A twist on the classic image of Mary holding her infant son, Browne said he opted for a slightly older Jesus to allow a deeper emotion to be conveyed through his positioning and facial expression.

In the sculpture, Jesus stands behind his mother’s side with his hand clutching her flowing garment. Looking downward slightly, Mary holds one hand over her heart and the other on Jesus’ back, as if to nudge him forward.

“In the Catholic faith, it is believed that through Mary, you get to Jesus and through Jesus to Heaven,” Browne explained. “Pope John Paul II wrote about how when Jesus was on the cross, Mary felt a lot of what Jesus felt. With this gesture, she has the sign of the Trinity with her fingers over her heart. With the other hand, she is offering him up, but he is still behind her because it’s through her to Jesus and then to Heaven. As he grabs her clothing, he is pointing up with his thumb and forefinger as if he were giving the sign of the cross.”

In addition, the draping of Mary’s clothing follows the natural veining of the marble while leading the eye toward Jesus, who was actually modeled after local 5-year-old Payton Ernest, son of Lance and Summer Ernest.

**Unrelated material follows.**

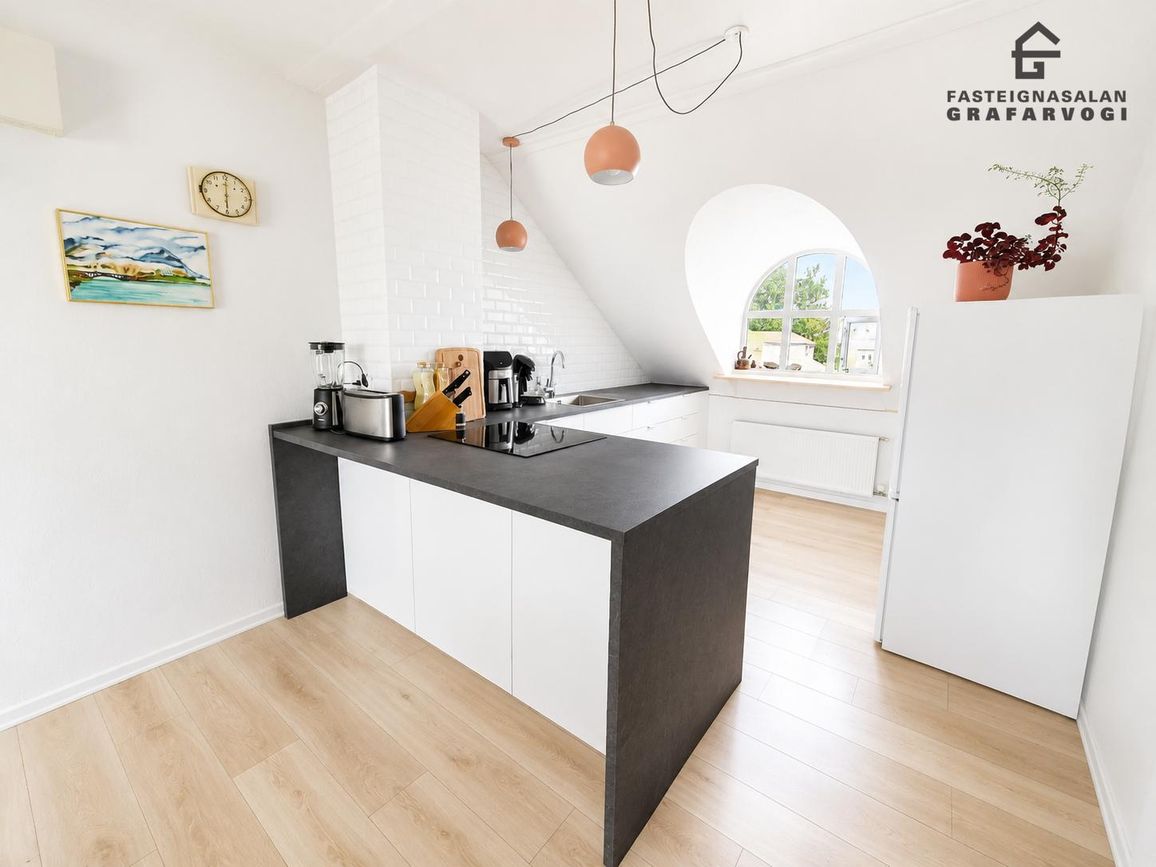 Drápuhlíð 24, 105 Reykjavík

A number of triangles are hidden throughout the piece to signify the Holy Trinity. Along that same theme, the sleeve of Mary’s cloak forms the silhouette of half of a heart, while the shaping of Jesus forms the other half of the heart to represent that the two are of the same heart, Browne said. Much meaning is derived from the facial expressions given to the figures as well.

“They both know his fate,” Browne said, “and this is the expression of a mother. It’s sort of a blank stare, a distraught look, and this will be raised from the ground, so she’ll really be looking at you as you’re walking up. Then you have Jesus, who knows his fate, but has a look of contentment that says, ‘It’s OK.’”

While exemplifying the same difficult skill level, “Madonna and Child” stands in stark contrast stylistically to Browne’s “Sylacauga Emerging” that sits on the front lawn of City Hall. The latter, which was officially donated to the city just this month, portrays a marble quarry worker carving himself out of stone and is meant to represent Sylacauga’s reemergence in stone through marble’s artistic and industrial purposes.

“These sculptures required two completely different approaches in the sense that ‘Madonna’ is so much more about emotion, where ‘Sylacauga Emerging’ was more about a concept,” Browne said. “There’s also a huge difference in terms of the angular lines in ‘Emerging’ where you have a masculine figure, and the other is very feminine and has a lot of curves and flowing lines.”

One thing both pieces needed was physically taxing work to make them come to life, Browne said. The roughly 8-foot tall “Sylacauga Emerging” required him to balance on scaffolding to carve, while with “Madonna,” he often had to squat down for 8 to 12 hours a day.

“It’s hard,” he said. “And as an artist, you’re never done with your work, but I am pleased with how this turned out. It took some convincing for the church to let me do something different, but I didn’t want just another generic ‘Madonna and Child.’”

As for what is next, Browne plans to take a short break from large-scale projects after nearly two years of solid sculpting. He intends to make some retailer-friendly marble products, like cardholders and bookends, for Sylacauga businesses to stock and will participate in the upcoming Marble Festival on April 9-20.